I've read this one, but I need more info: rotating an object from sourceAngle to destAngle, both 0-359, clockwise or counter clockwise?

I have a ball. The user is able to drag the ball in any direction clockwise/anticlockwise around a circle. I need to know whether or not the ball was dragged clockwise or anticlockwise.

I'd like to get both vector/non-vector methods.

  • \$\begingroup\$ If the angle was 90 one frame, and 270 the next, which way is it rotating? i.e. you'd have to assume it moved in the direction of the minimum rotation, then have some default for 180 degree turns. \$\endgroup\$ Jan 9, 2012 at 11:52
  • \$\begingroup\$ please see edit \$\endgroup\$
    – Vishnu
    Jan 9, 2012 at 11:55
  • \$\begingroup\$ i also have a middle point \$\endgroup\$
    – Vishnu
    Jan 9, 2012 at 14:21
  • 1
    \$\begingroup\$ I'm a little confused here, what data do you have? You talk about both angles and points, one must be derived from the other. Don't tell us about derived data, just the data that you have and the result you need. Anyone can compute the middle point between two points, but that doesn't actually solve the problem @GeorgeDuckett states. In any case the answer to that is that this question probably calls for 4 different outputs, right rotation, left rotation, no rotation and exactly 180 degrees rotation. \$\endgroup\$ Jan 9, 2012 at 14:39
  • \$\begingroup\$ @eBusiness: Well, simple take this as I have user dragging a ball around a circle. I need to know in which direction clockwise/anticlockwise he did drag it \$\endgroup\$
    – Vishnu
    Jan 9, 2012 at 15:01

5 Answers 5


Keep track of the position of the ball on the previous frame. Then let's say we have:

|\                // C = Rotation Center
| \               // P1 = Previous Frame Position
|  P2             // P2 = Current Frame Position

You need to check using the 2D analog of a cross product whether P2 lies to the left or to the right of the C-P1 line segment. If it's to the right, then it's rotating clockwise. If it's to the left, then it's rotating counter-clockwise.

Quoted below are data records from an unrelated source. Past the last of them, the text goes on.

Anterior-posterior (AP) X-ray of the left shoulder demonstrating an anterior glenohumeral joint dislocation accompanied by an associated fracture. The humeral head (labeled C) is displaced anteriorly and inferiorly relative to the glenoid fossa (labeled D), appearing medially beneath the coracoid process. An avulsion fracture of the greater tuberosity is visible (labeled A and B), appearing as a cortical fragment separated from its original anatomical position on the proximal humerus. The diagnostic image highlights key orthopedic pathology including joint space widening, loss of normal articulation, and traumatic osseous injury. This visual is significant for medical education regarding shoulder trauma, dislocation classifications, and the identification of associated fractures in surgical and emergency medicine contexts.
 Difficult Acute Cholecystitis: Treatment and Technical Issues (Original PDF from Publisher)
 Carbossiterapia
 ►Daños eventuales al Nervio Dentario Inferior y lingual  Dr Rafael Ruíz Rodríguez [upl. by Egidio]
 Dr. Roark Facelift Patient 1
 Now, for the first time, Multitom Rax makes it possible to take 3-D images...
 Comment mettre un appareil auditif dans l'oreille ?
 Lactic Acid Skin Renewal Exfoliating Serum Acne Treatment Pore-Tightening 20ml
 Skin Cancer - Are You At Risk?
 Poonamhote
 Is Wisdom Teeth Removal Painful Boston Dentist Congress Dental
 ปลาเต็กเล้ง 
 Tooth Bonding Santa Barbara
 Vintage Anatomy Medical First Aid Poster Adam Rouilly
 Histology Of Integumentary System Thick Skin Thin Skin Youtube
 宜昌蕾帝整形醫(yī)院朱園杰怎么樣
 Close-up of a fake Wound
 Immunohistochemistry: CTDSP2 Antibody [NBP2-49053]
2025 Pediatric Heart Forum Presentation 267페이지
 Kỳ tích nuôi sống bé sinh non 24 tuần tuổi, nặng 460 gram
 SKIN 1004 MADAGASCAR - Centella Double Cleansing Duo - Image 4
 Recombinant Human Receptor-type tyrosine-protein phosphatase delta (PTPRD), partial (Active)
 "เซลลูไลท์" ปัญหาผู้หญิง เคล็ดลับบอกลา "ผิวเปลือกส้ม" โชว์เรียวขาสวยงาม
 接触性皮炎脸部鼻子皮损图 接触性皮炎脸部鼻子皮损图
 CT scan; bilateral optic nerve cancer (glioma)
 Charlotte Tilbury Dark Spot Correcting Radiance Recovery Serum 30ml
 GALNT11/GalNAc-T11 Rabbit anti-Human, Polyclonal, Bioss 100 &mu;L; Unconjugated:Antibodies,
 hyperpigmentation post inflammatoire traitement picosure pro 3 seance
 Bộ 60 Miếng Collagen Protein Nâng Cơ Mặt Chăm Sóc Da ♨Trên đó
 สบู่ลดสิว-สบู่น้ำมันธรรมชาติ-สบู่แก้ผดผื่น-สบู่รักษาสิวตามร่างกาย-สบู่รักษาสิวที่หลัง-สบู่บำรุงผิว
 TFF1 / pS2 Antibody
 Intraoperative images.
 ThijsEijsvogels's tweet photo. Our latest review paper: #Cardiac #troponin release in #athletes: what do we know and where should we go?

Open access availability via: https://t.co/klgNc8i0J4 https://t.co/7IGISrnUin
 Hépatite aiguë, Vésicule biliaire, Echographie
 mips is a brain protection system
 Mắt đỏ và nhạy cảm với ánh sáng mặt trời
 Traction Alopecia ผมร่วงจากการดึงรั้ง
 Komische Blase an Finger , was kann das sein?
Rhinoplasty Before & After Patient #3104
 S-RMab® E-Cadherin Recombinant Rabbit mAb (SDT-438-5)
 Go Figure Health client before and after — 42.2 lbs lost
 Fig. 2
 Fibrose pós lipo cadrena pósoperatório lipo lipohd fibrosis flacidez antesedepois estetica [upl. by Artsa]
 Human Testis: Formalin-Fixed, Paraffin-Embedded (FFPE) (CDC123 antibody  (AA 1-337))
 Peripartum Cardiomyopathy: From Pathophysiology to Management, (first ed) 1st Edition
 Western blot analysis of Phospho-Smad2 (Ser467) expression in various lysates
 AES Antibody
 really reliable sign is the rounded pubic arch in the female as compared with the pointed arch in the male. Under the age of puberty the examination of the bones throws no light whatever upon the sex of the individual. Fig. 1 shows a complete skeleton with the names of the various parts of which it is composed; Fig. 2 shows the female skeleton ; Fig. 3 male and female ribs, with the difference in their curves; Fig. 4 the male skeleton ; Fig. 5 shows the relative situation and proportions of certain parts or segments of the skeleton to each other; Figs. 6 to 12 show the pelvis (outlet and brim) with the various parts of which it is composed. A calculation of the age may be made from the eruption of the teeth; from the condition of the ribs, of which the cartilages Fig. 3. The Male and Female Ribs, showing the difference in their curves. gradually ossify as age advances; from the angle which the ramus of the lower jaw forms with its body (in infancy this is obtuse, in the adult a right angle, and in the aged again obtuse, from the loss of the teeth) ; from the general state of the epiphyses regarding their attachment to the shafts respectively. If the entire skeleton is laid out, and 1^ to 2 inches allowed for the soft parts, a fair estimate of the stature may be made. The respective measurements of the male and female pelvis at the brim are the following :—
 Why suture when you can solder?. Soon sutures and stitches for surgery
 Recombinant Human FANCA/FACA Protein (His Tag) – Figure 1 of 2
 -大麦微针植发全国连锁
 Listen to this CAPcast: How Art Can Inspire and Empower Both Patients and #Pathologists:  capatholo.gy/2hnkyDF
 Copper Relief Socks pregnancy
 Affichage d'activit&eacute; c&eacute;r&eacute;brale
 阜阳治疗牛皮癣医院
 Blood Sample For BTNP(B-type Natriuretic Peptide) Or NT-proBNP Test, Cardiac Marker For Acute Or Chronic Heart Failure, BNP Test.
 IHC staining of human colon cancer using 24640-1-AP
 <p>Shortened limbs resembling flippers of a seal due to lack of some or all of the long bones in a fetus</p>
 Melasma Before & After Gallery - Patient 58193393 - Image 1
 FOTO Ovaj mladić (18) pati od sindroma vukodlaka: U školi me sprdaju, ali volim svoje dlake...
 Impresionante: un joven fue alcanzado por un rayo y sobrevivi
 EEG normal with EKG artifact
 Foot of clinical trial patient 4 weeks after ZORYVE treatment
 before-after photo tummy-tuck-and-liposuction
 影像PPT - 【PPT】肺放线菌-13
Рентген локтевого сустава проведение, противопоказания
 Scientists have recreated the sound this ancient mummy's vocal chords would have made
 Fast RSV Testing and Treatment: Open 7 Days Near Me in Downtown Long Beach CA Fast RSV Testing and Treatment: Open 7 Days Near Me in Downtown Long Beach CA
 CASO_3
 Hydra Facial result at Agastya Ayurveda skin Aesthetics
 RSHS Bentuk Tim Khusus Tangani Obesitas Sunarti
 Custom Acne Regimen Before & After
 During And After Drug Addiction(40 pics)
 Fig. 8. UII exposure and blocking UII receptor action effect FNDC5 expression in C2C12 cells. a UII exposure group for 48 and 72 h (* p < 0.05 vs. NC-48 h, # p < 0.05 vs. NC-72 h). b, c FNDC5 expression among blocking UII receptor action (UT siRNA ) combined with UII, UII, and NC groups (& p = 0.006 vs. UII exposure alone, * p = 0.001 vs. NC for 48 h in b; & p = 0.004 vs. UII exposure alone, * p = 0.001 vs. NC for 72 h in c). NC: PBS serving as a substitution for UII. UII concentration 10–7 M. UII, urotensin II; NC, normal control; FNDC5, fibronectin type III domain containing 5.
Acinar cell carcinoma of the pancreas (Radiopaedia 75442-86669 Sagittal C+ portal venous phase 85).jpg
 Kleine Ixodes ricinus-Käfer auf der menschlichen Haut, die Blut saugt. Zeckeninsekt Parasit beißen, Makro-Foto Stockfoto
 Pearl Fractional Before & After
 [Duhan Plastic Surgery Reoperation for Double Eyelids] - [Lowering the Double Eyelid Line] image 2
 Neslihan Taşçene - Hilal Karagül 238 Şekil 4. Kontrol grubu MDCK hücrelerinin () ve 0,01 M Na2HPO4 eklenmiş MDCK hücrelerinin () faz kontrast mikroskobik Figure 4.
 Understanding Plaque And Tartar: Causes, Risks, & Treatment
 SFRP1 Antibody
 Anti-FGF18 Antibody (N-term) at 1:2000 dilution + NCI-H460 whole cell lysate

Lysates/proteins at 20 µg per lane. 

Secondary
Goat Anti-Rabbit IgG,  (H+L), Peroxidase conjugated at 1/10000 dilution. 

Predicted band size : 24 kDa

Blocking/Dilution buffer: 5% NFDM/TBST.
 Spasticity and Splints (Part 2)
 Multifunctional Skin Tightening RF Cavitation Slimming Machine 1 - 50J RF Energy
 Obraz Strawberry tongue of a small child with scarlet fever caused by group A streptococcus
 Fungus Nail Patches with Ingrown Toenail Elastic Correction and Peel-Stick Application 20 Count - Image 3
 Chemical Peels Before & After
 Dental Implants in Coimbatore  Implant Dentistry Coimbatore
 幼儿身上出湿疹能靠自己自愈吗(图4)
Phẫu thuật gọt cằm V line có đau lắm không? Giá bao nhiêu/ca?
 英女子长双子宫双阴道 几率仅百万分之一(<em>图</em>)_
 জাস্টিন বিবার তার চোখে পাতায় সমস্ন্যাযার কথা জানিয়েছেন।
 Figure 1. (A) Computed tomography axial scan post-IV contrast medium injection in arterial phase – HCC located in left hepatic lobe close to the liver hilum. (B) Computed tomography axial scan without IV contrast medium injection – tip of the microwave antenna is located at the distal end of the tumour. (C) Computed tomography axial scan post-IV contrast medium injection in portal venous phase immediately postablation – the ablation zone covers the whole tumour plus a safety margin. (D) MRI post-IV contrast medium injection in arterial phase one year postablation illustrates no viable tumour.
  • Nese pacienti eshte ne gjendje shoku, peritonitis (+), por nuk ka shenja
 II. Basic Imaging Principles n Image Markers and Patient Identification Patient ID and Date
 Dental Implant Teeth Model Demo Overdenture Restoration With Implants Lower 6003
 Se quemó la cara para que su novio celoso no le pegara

You can use this method to check:

bool isLeft(Vector2 c, Vector2 p1, Vector2 p2)
     return ((p1.x - c.x)*(p2.y - c.y) - (p1.y - c.y)*(p2.x - c.x)) > 0;
  • \$\begingroup\$ I find a problem arising sometimes though, now ! can you brief. Some times it shows 1 when I really require -1 \$\endgroup\$
    – Vishnu
    Jan 10, 2012 at 9:01
  • \$\begingroup\$ What if user drags the ball 270 degree clockwise? In this case, your solution will determinates that the ball rotate reverse clockwise 90 degree, Right? \$\endgroup\$ May 30, 2013 at 17:13
  • \$\begingroup\$ This also works if you don't know the center of the rotation, but track 2+ previous frames' positions. Subsequent steps around the arc will produce a cross product with different sign depending on the direction the arc curves. \$\endgroup\$
    – DMGregory
    Oct 12, 2022 at 16:15

Given the points Source, Destination and Centre, where a move has happened from Source to Destination first compute the vectors:

CentreSource = Source - Centre
CentreDestination = Destination - Centre

Compute the dot product of the tværvector of CentreSource and CentreDestination:

RorL = CentreSourceX * CentreDestinationY - CentreSourceY * CentreDestinationX

Now RorL should be positive if the point is moving counterclockwise around the centre, negative in case of clockwise, and 0 if the move was either 0 or 180 degrees.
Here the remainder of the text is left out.